Task prompt: Would you return, word for word, the lines of the data below from the line with "Hello and a" through the line with "Hi, this is", and no others?

Data to examine:
== Segment start ==

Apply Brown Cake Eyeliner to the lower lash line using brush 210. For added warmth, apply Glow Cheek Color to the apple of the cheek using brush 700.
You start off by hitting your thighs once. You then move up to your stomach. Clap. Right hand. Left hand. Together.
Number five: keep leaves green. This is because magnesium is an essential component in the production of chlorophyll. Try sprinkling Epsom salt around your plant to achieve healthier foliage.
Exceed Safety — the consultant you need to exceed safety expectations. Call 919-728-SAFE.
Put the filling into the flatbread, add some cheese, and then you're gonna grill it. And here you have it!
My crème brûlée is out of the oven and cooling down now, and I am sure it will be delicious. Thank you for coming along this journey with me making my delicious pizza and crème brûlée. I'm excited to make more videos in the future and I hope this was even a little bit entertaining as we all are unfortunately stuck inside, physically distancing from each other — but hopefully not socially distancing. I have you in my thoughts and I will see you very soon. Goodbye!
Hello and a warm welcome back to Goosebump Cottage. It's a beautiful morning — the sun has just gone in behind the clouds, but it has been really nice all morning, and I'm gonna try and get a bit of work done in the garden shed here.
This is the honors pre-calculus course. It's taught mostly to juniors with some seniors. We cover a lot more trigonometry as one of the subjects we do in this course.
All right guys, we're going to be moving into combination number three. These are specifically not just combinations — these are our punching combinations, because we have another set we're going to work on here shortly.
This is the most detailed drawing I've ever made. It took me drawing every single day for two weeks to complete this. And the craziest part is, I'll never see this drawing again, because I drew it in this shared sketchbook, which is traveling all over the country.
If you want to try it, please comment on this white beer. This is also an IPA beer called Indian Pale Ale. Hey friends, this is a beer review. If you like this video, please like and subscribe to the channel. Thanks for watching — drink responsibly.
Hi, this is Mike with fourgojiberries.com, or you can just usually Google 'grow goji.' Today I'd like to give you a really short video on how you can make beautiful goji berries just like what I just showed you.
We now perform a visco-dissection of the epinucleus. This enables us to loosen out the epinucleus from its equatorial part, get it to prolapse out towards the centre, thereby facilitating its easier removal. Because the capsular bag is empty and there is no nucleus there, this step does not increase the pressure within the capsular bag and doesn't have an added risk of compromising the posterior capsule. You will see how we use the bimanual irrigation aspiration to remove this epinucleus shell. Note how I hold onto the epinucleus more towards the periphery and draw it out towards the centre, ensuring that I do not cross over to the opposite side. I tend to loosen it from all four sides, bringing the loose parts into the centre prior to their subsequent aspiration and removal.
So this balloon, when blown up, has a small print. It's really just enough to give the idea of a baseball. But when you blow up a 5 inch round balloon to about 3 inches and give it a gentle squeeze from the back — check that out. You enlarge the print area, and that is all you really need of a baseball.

== Segment end ==

Response to this task:
Hello and a warm welcome back to Goosebump Cottage. It's a beautiful morning — the sun has just gone in behind the clouds, but it has been really nice all morning, and I'm gonna try and get a bit of work done in the garden shed here.
This is the honors pre-calculus course. It's taught mostly to juniors with some seniors. We cover a lot more trigonometry as one of the subjects we do in this course.
All right guys, we're going to be moving into combination number three. These are specifically not just combinations — these are our punching combinations, because we have another set we're going to work on here shortly.
This is the most detailed drawing I've ever made. It took me drawing every single day for two weeks to complete this. And the craziest part is, I'll never see this drawing again, because I drew it in this shared sketchbook, which is traveling all over the country.
If you want to try it, please comment on this white beer. This is also an IPA beer called Indian Pale Ale. Hey friends, this is a beer review. If you like this video, please like and subscribe to the channel. Thanks for watching — drink responsibly.
Hi, this is Mike with fourgojiberries.com, or you can just usually Google 'grow goji.' Today I'd like to give you a really short video on how you can make beautiful goji berries just like what I just showed you.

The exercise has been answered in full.